EXERCISE INSTRUCTIONS |
Reproduce all the records word for word. Omit images.

DATASET EXCERPTS |
********

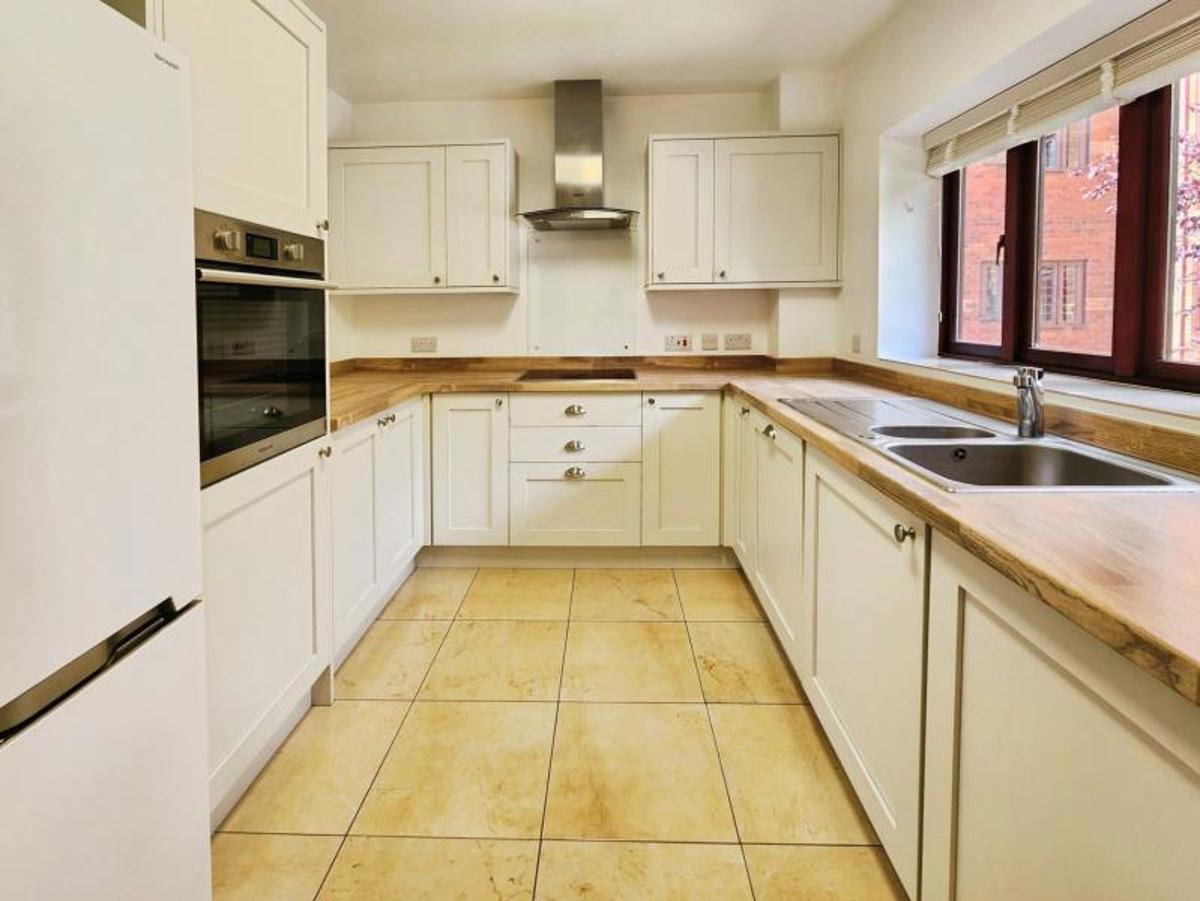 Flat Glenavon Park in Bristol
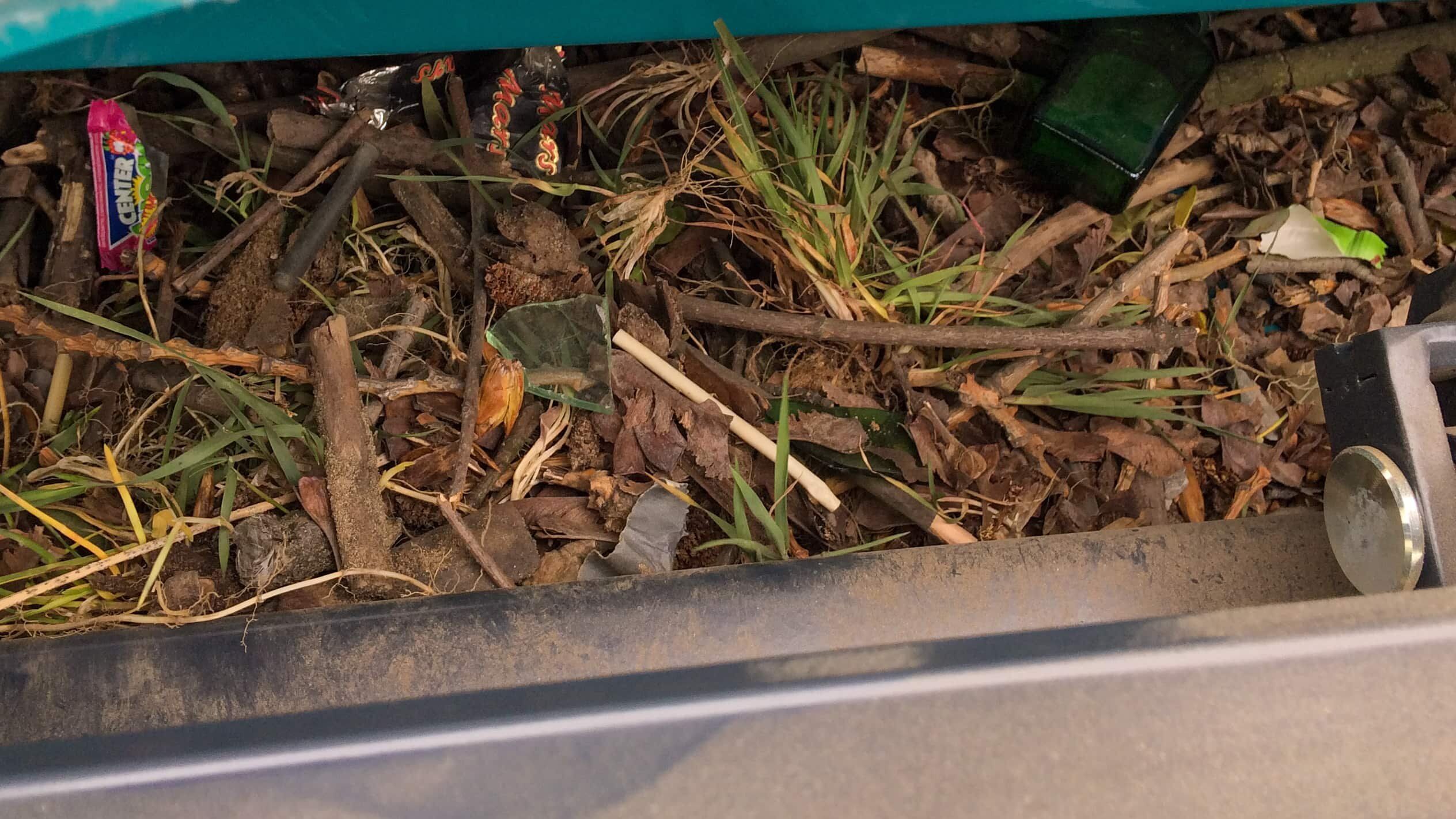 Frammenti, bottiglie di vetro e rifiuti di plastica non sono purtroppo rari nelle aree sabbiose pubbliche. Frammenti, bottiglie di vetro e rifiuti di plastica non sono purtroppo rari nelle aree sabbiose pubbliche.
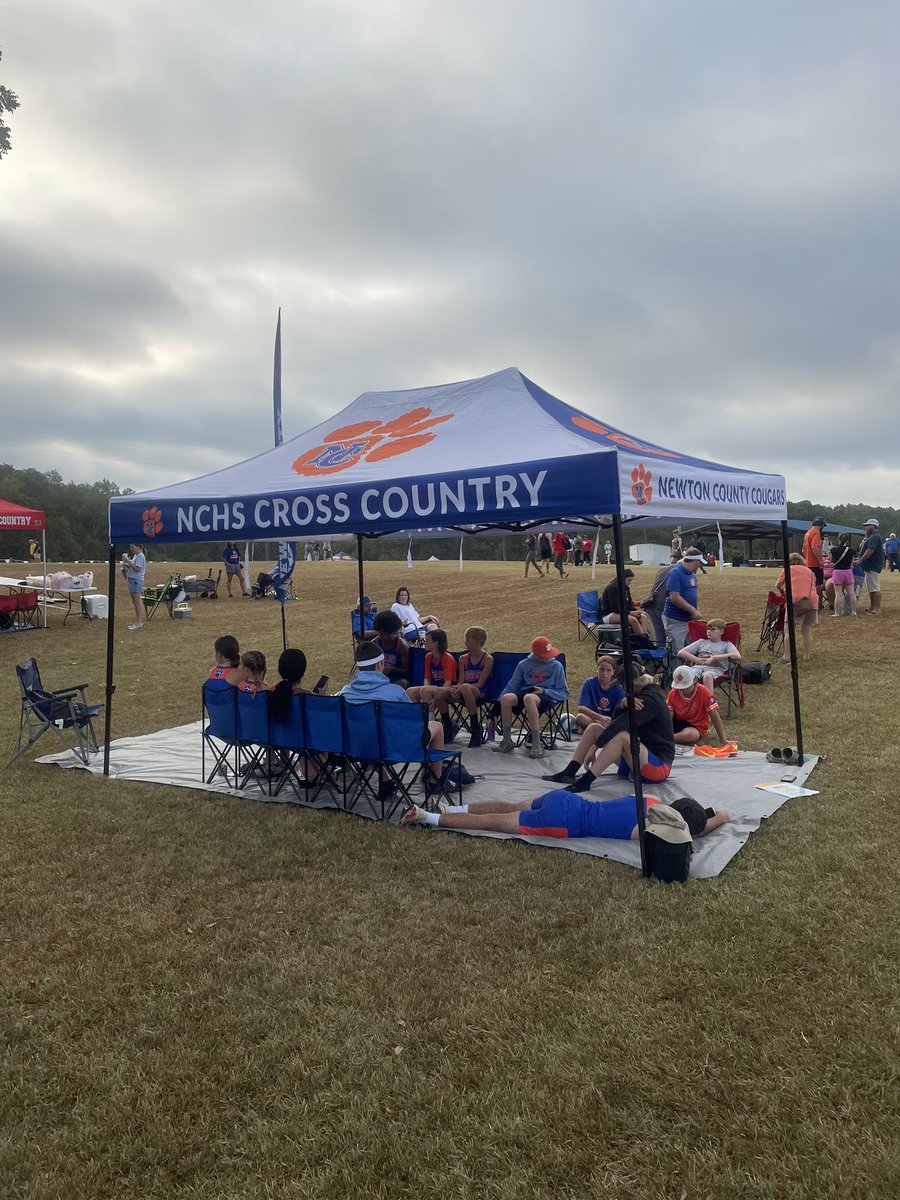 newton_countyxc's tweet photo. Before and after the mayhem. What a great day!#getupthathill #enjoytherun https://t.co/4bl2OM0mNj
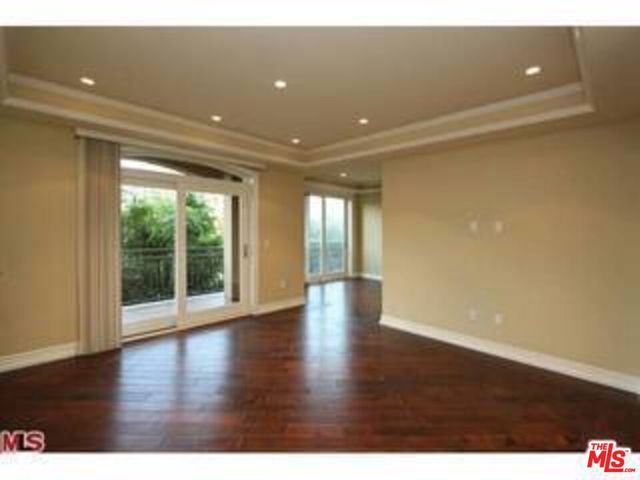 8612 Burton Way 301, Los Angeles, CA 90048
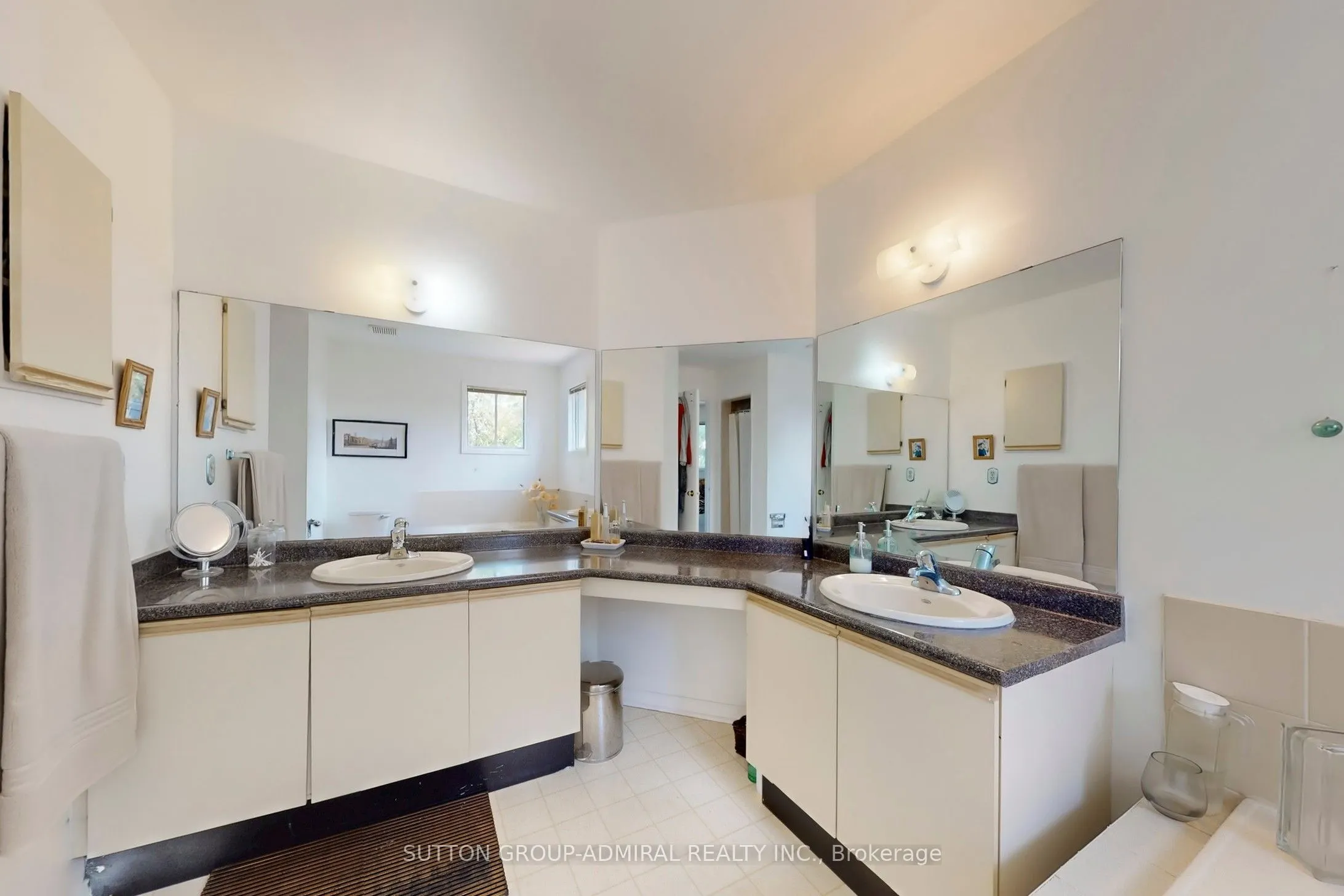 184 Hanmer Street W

********

EXERCISE SOLUTION |
 Flat Glenavon Park in Bristol
 Frammenti, bottiglie di vetro e rifiuti di plastica non sono purtroppo rari nelle aree sabbiose pubbliche. Frammenti, bottiglie di vetro e rifiuti di plastica non sono purtroppo rari nelle aree sabbiose pubbliche.
 newton_countyxc's tweet photo. Before and after the mayhem. What a great day!#getupthathill #enjoytherun https://t.co/4bl2OM0mNj
 8612 Burton Way 301, Los Angeles, CA 90048
 184 Hanmer Street W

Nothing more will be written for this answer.